The Ethics of Ambiguous AI – Dominique Ubbels
Two weeks before TIM’s fourth session “Social imaginaries of ethics and AI”, my friends and I started to obsess over The Chat GPT, a chatbot recently launched by OpenAI. Our discussions tended towards the “dystopian-speculative” view that was one of the common attitudes towards AI discussed by the speakers Sonja Rebecca Rattay, Irina Shklovski and Marco Rozendaal. The bot writes surprisingly adequate essays about almost every subject and seems to combine varying concepts creatively. What will happen to thought and writing in cultural and social studies if AI produces essays many times faster than the speed with which we take things in, and transform and type them out as texts? We’ll lose our jobs, perhaps, but maybe worse, theory could lose the ambivalence inherent to the thought, bodies, and environments from which it emerges–to become products of an echo-chamber devouring its own data, and that ruminates and spits out its uncontestable digits.
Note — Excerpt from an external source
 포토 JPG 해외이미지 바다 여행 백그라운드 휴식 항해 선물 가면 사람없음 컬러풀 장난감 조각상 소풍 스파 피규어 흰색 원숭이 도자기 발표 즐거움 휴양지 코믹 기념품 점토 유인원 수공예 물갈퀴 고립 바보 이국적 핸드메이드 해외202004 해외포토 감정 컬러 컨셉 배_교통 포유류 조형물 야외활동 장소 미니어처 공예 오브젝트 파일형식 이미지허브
With this in mind, I wondered what essay the GPTchat would write about ethical AI In 300 words, it resumed societal concerns about “biased algorithms”, “displacement of jobs”, and AI potentially serving “malicious proposes” (i.e. weapon developments). To produce ethical AI–meaning “ensuring that it is used for the benefit of humanity and does not cause harm”–AI developers, companies, and governments should provide the means to halt biases, unemployment, and misuses of the technology.” “By following ethical principles,” the bot concludes, “we can ensure that AI is a positive force for good in the world.”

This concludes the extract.